Washington, United States – The United States is weighing a proposal that could raise the minimum salaries employers must pay foreign workers on key temporary‑work visas. The plan, under review at the federal level, might reshape hiring costs and opportunities for international professionals in the American labour market.
Okay News reports that the U.S. Department of Labor filed the draft rule with the Office of Management and Budget but has not yet released it publicly. Early signals indicate the proposal would lift prevailing wage levels across several visa programmes, including H‑1B for skilled professionals, H‑1B1 for Chilean and Singaporean workers, E‑3 for Australians, and PERM labour certification tied to employer‑sponsored green cards.
Prevailing wages set the legal floor for pay based on job type, experience level, and location.
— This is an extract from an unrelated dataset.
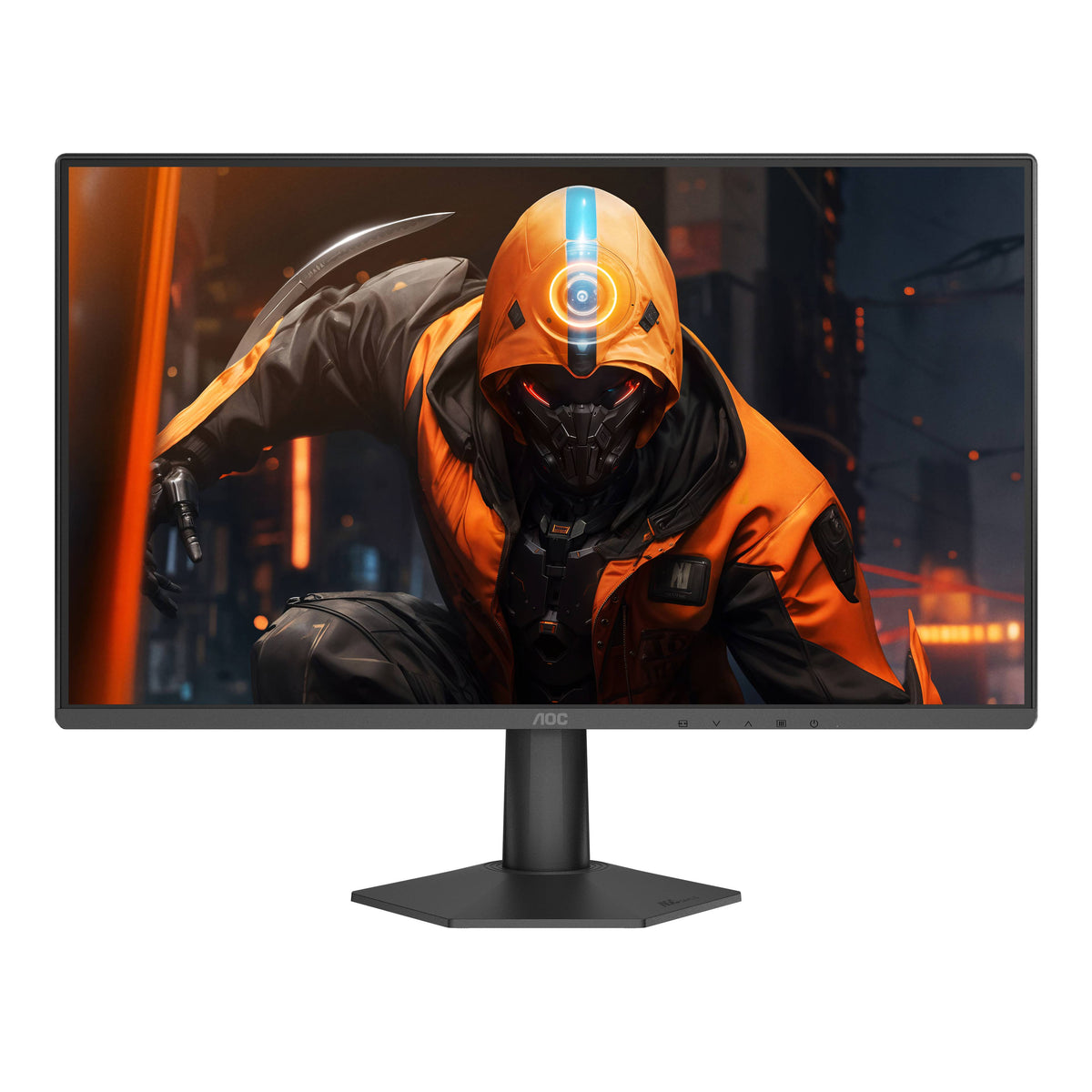 24G50F - Monitor AOC 24G50F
The current system uses four wage tiers. An upward revision would raise thresholds for all four levels. If adopted, the change could make it more expensive to hire foreign talent, particularly for entry‑level roles, and may reduce the number of lower‑paid positions available under the H‑1B visa.
A similar effort in 2021 under the Trump administration pushed wage percentiles higher but was blocked in court and later withdrawn. Subsequent Biden‑era moves to update the framework were delayed and removed from the rulemaking agenda. The current review could affect widely used pathways such as H‑1B in technology, engineering, healthcare, and finance, as well as allied visas and permanent‑resident routes.
Higher wages could mean better compensation for some foreign workers, even as competition for fewer sponsored roles increases. Small and mid‑sized firms may find sponsorship costs more challenging. The full text is expected only when the rule appears in the Federal Register, after which the public and stakeholders can comment before a final decision.